# VapeCon 2017 Surprises from Orion... (UPDATED)



## Michael (7/8/17)

*Attention everyone!*

Coming to _*VapeCon 2017*_?

Then we have some surprises for you!

Be sure to come visit us at our stand to see the new and exciting things we will be bringing you!

For now we will leave you with a little teaser...

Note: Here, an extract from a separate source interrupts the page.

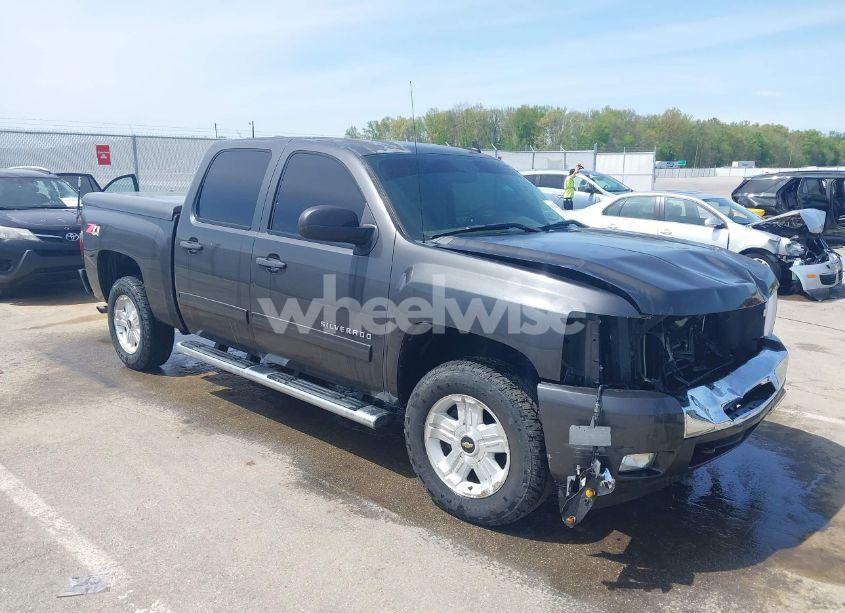 2013 Chevrolet Silverado 1500 LTZ (VIN 3GCPKTE75DG115341) main photo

Something *special* and *limited*...




Stay tuned for *more*!​

Reactions: Winner 4 | Thanks 1


----------



## Silver (7/8/17)

ooh, this looks great
Thanks for the tease @Michael 

I wonder what it could be?

Something limited....
Limited edition menthol guava tobacco perhaps?

Reactions: Funny 1


----------



## Michael (8/8/17)

*Wait a second, here is more!*


Introducing *MR O!*


*

*

An Orange sweety vape that has a delicious citrus tone to it that leaves your taste buds quenching every time you take a toot! Yummy!

But wait there is more...


Introducing *SPARKLE!*





A Blackcurrant sweet for all the fruity vapers that will leave u begging for lots and lots *more*!​

Reactions: Like 3 | Winner 1


----------



## Michael (24/8/17)

Wait a second! Look what is coming to *VapeCon 2017*!


​

Be Sure to Come and grab a bottle at our stand for R180 a 30ml! 
*While Stocks last!*​

Reactions: Winner 1


----------



## Sir Vape (24/8/17)

Need some Mr O


----------



## ASCIIcat (24/8/17)

Michael said:


> Wait a second! Look what is coming to *VapeCon 2017*!
> 
> View attachment 105363
> ​
> ...



Fantastic! Here I was hoping to pick up a bottle and now I know I will have to!

Reactions: Like 1


----------